Exercise prompt:
What you return should be the lines from the one with "桜バックに音楽を聴く女性の写真 99975286" through the one with "Emakume bat ibai" in the data below, reproduced exactly with both ends, and no pictures at all.

Data:

+ + + + +

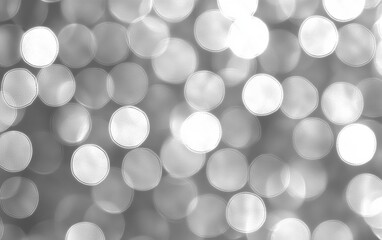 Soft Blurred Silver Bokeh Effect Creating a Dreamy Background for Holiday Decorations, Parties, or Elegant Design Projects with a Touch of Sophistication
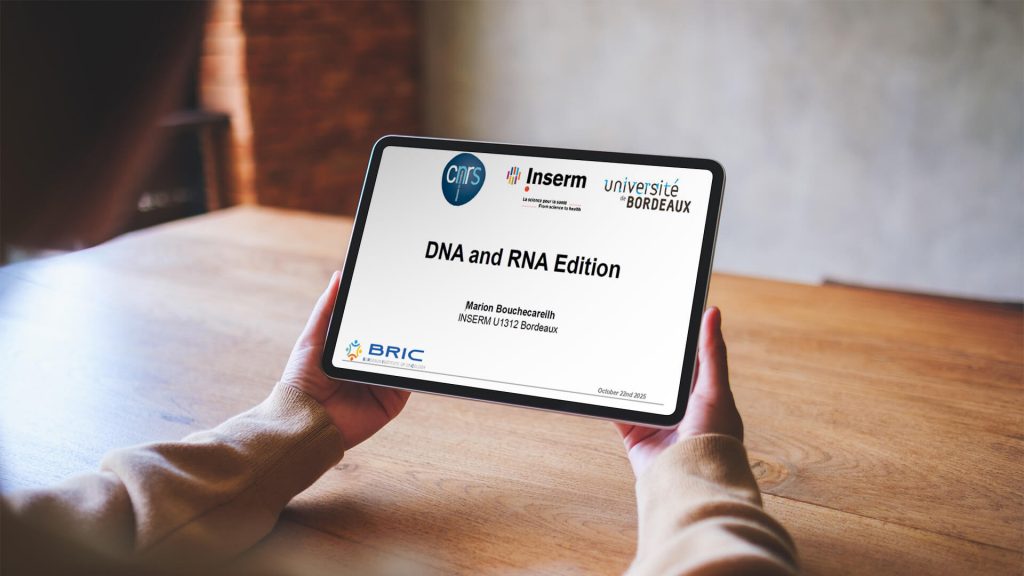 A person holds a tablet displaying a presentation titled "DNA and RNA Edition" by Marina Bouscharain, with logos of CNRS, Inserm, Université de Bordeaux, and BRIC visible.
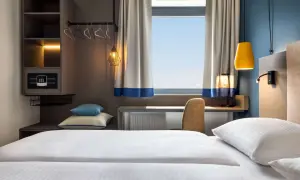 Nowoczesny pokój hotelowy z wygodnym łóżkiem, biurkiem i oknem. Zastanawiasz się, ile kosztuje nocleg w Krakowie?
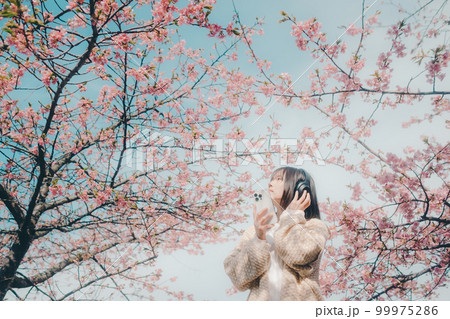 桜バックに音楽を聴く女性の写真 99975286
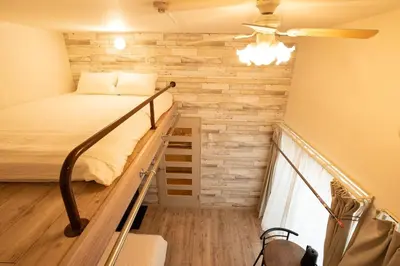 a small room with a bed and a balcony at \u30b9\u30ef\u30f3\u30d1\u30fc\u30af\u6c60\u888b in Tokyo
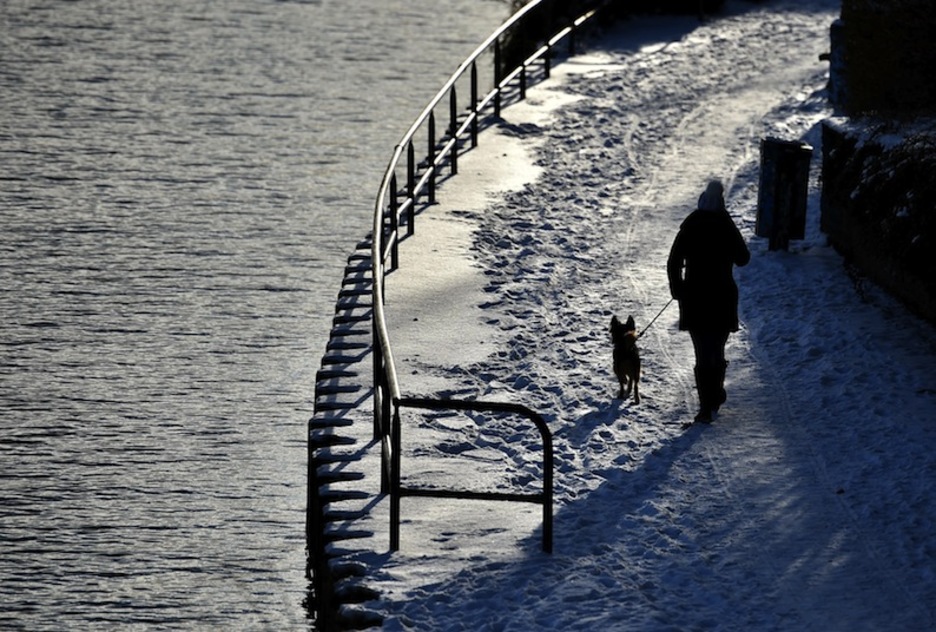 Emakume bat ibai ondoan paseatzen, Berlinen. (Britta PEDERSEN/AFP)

+ + + + +

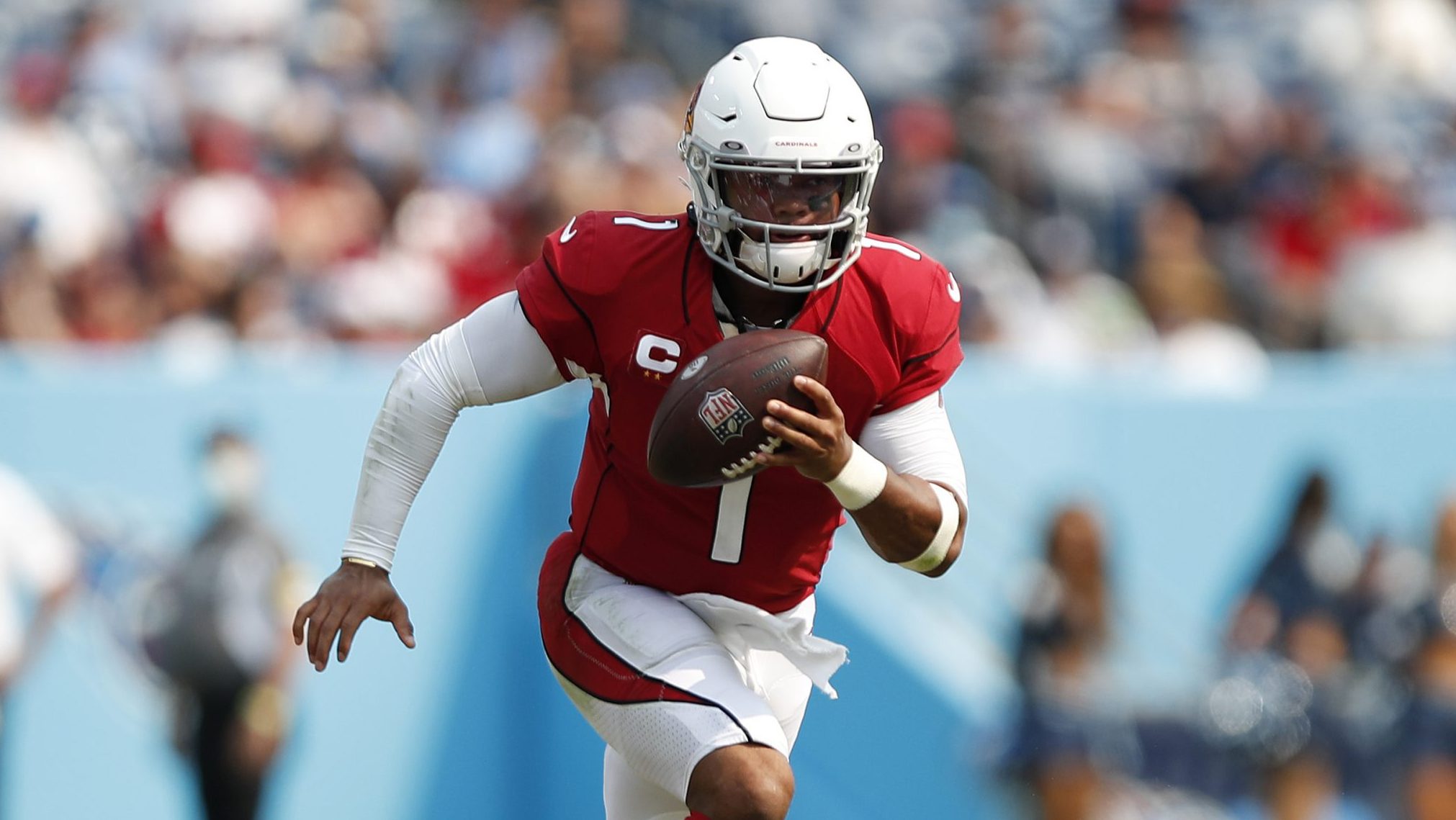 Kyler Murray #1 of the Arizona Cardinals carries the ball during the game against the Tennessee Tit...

+ + + + +

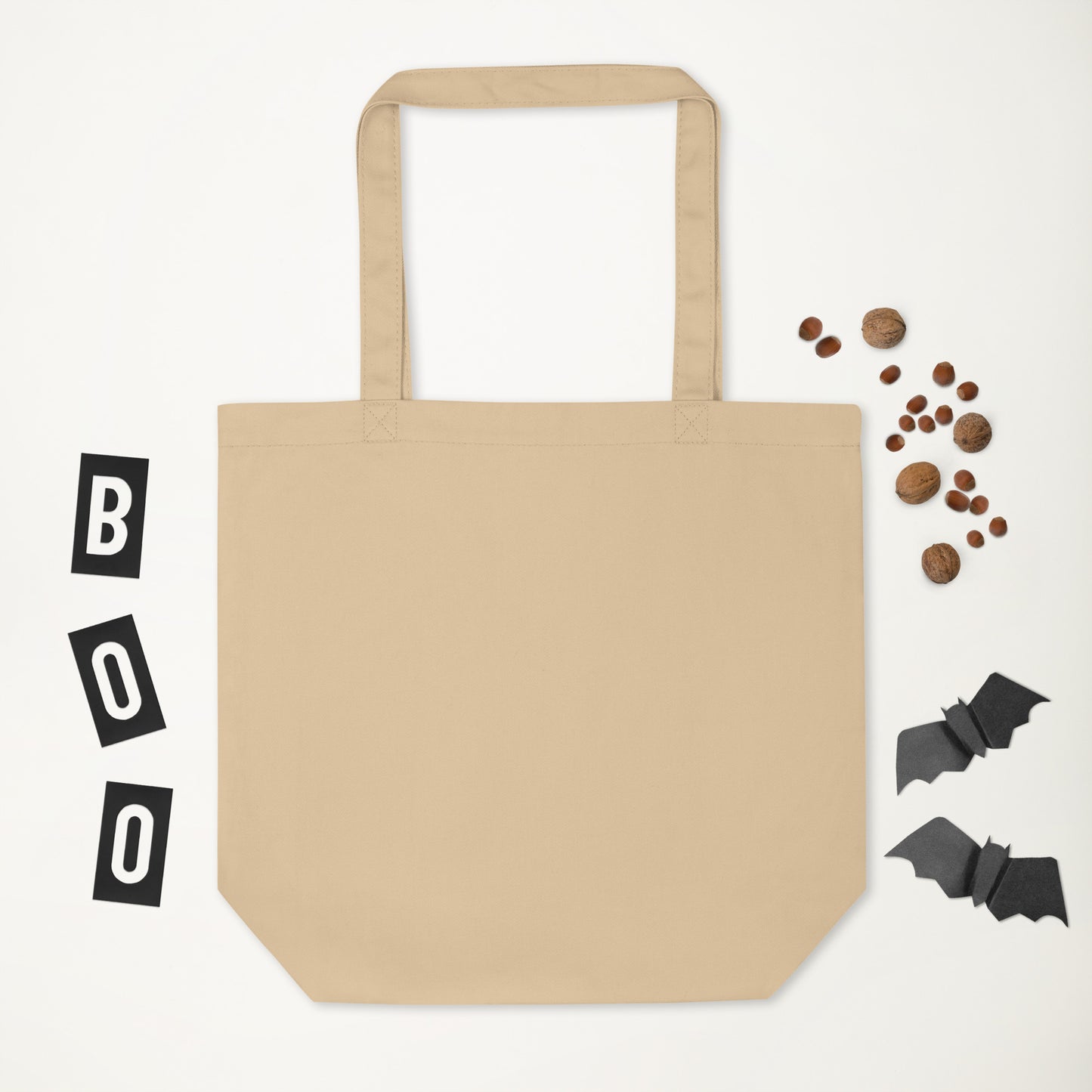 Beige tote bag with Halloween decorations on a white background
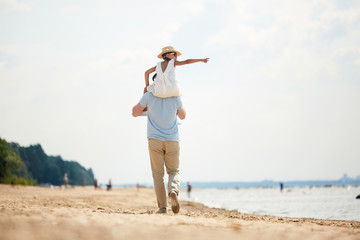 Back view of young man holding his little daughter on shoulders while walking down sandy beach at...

+ + + + +

Result below:
 桜バックに音楽を聴く女性の写真 99975286
 a small room with a bed and a balcony at \u30b9\u30ef\u30f3\u30d1\u30fc\u30af\u6c60\u888b in Tokyo
 Emakume bat ibai ondoan paseatzen, Berlinen. (Britta PEDERSEN/AFP)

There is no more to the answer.